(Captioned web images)

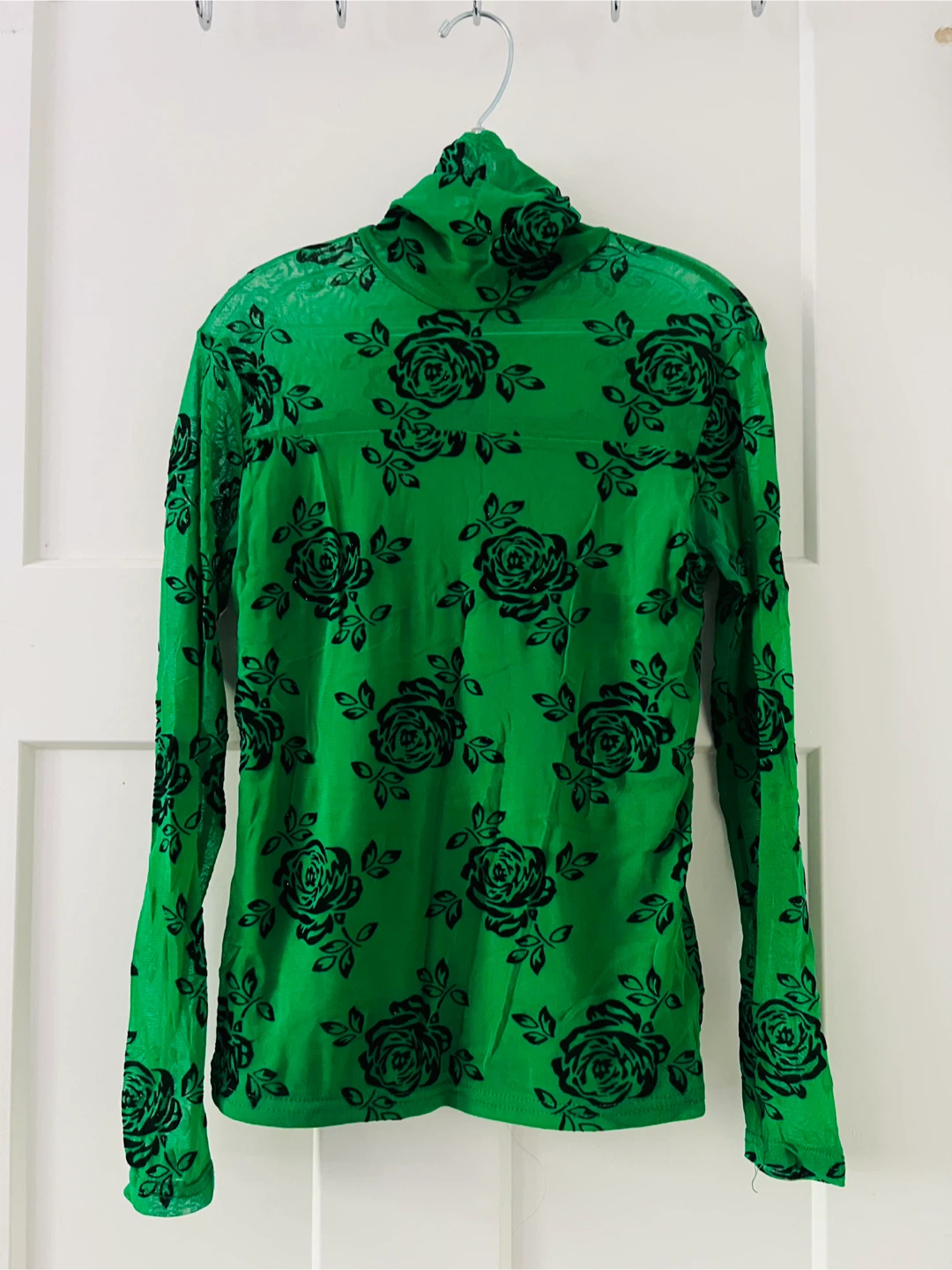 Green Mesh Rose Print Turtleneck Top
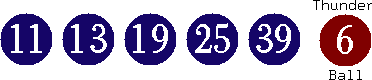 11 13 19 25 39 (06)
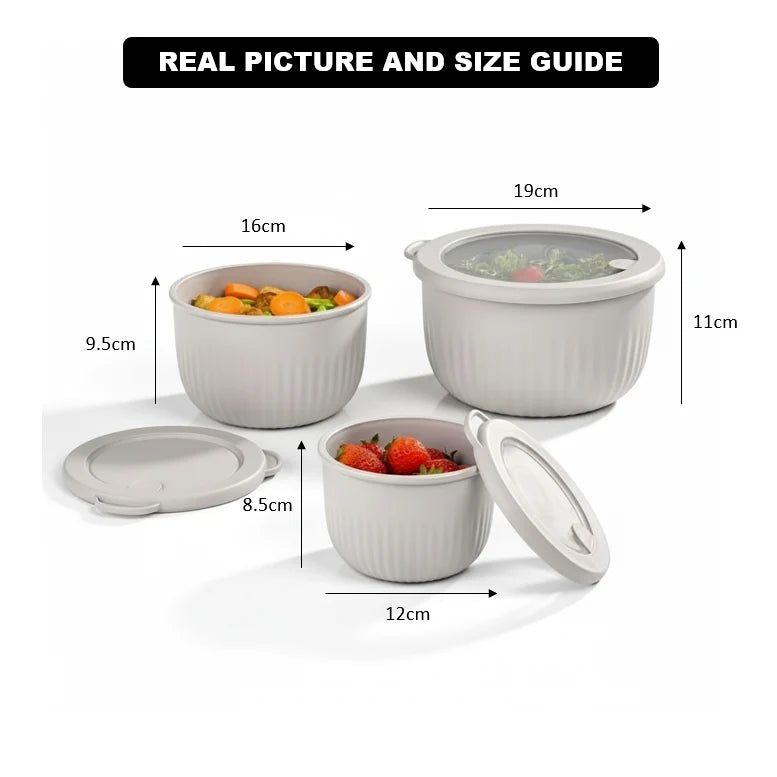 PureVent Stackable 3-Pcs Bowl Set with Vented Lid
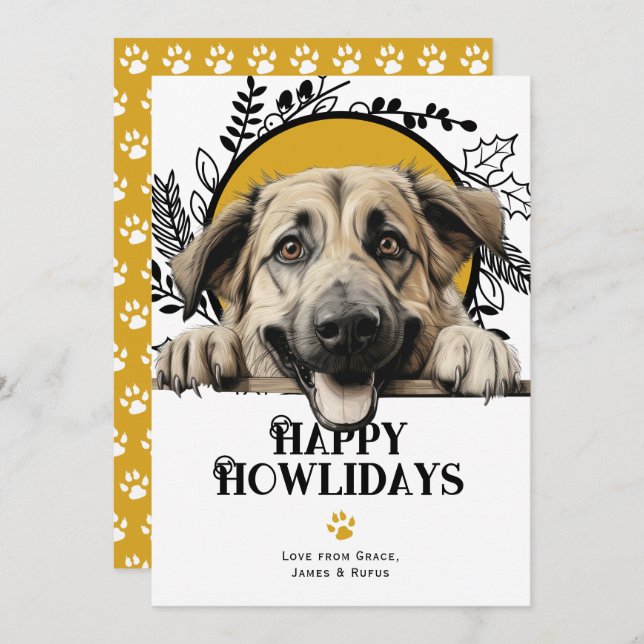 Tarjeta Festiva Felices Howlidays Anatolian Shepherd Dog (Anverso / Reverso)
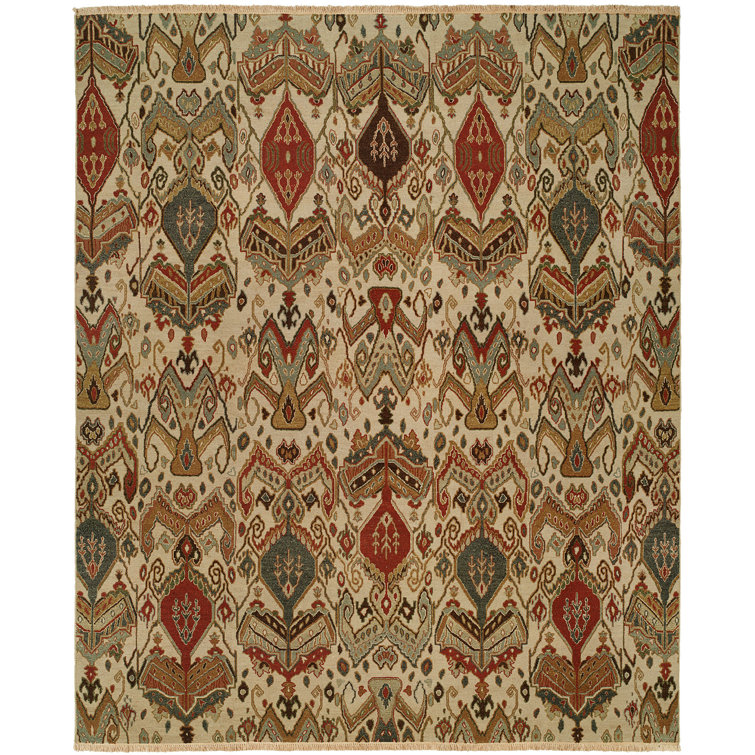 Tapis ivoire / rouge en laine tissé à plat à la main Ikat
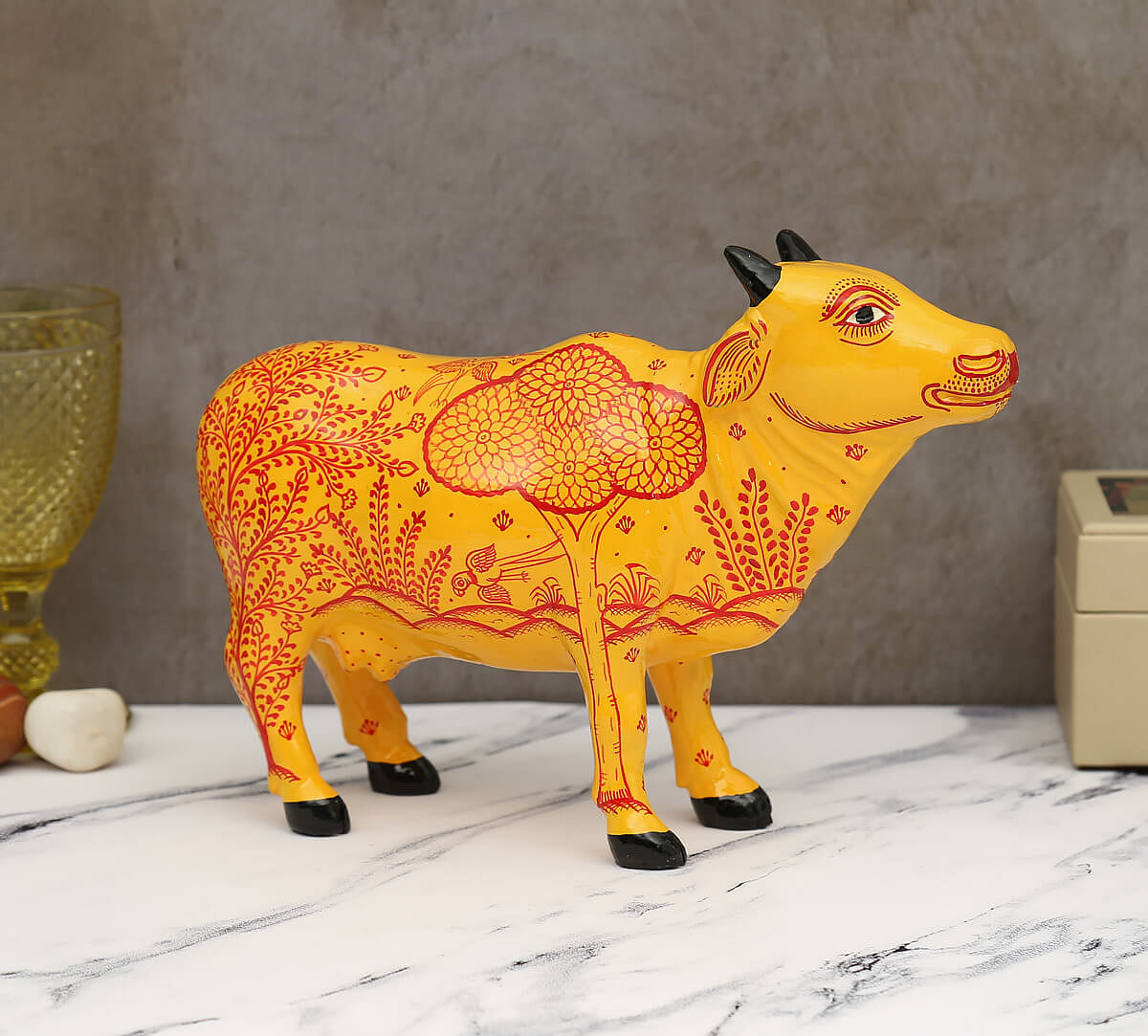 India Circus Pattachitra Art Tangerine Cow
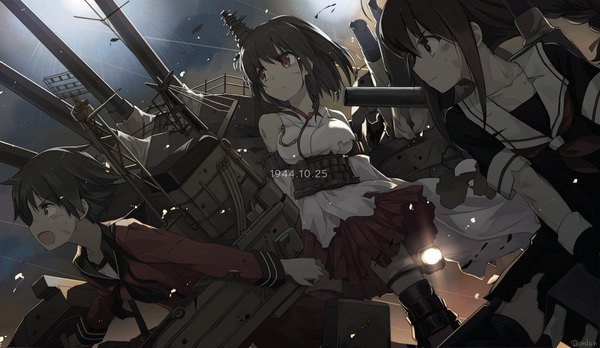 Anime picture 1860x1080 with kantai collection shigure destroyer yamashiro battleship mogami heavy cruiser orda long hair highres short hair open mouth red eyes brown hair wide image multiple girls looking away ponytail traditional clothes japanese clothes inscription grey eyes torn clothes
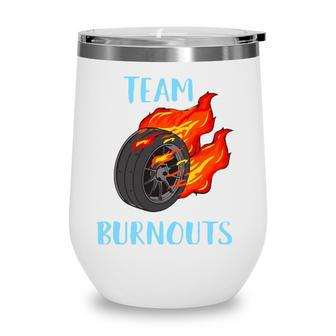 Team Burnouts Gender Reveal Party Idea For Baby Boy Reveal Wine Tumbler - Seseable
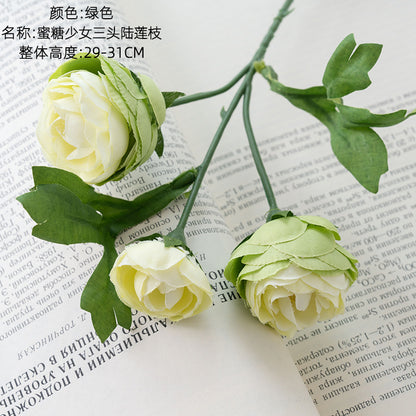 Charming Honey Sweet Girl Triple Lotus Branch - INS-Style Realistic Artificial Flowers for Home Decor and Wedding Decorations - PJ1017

◆ YOUR INSTRUCTIONS: Would you write out all of the records exactly, omitting the pictures?

◆ EXPECTED ANSWER:
 Green Mesh Rose Print Turtleneck Top
 11 13 19 25 39 (06)
 PureVent Stackable 3-Pcs Bowl Set with Vented Lid
 Tarjeta Festiva Felices Howlidays Anatolian Shepherd Dog (Anverso / Reverso)
 Tapis ivoire / rouge en laine tissé à plat à la main Ikat
 India Circus Pattachitra Art Tangerine Cow
 Anime picture 1860x1080 with kantai collection shigure destroyer yamashiro battleship mogami heavy cruiser orda long hair highres short hair open mouth red eyes brown hair wide image multiple girls looking away ponytail traditional clothes japanese clothes inscription grey eyes torn clothes
 Team Burnouts Gender Reveal Party Idea For Baby Boy Reveal Wine Tumbler - Seseable
 Charming Honey Sweet Girl Triple Lotus Branch - INS-Style Realistic Artificial Flowers for Home Decor and Wedding Decorations - PJ1017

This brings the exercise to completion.